## EXERCISE INSTRUCTIONS
In your copy of the data, omit the pictures and keep all else exactly as given.
___ RECORDED DATA
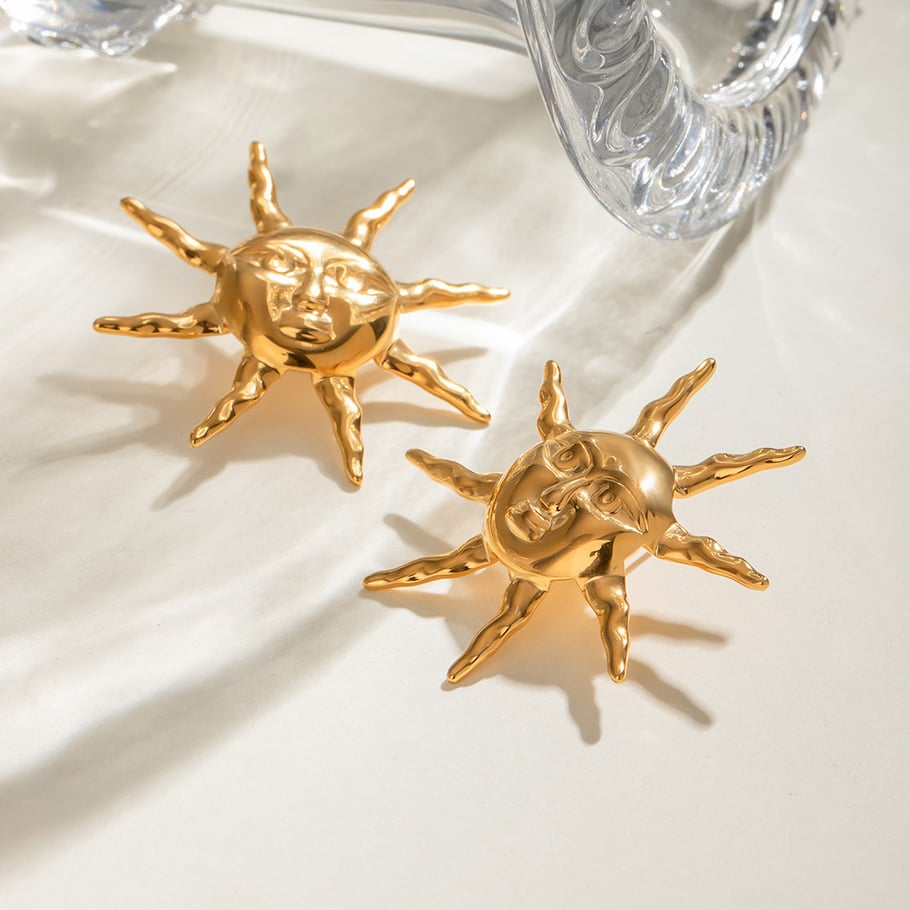 1 Pair Simple Series Retro Sun/Moon Stainless Steel 18K Gold Plated Women Stud Earrings Picture3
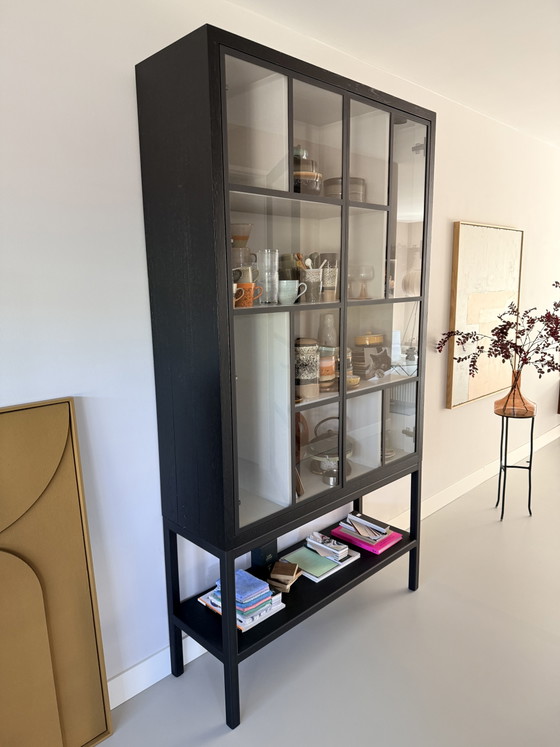 Black oak display cabinet with metal – Wood (photo 5 of 5)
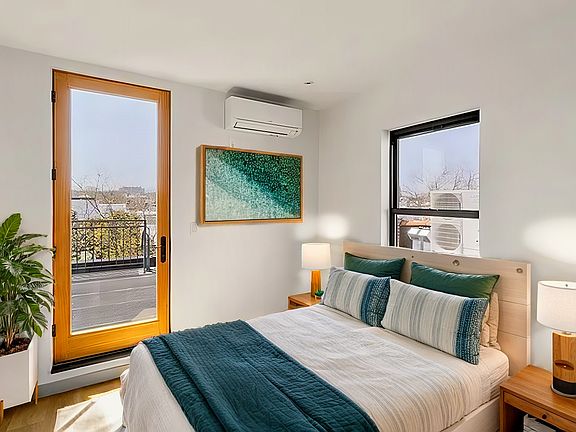 4th image of 750 Macdonough St APT 5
______
## EXPECTED ANSWER
 1 Pair Simple Series Retro Sun/Moon Stainless Steel 18K Gold Plated Women Stud Earrings Picture3
 Black oak display cabinet with metal – Wood (photo 5 of 5)
 4th image of 750 Macdonough St APT 5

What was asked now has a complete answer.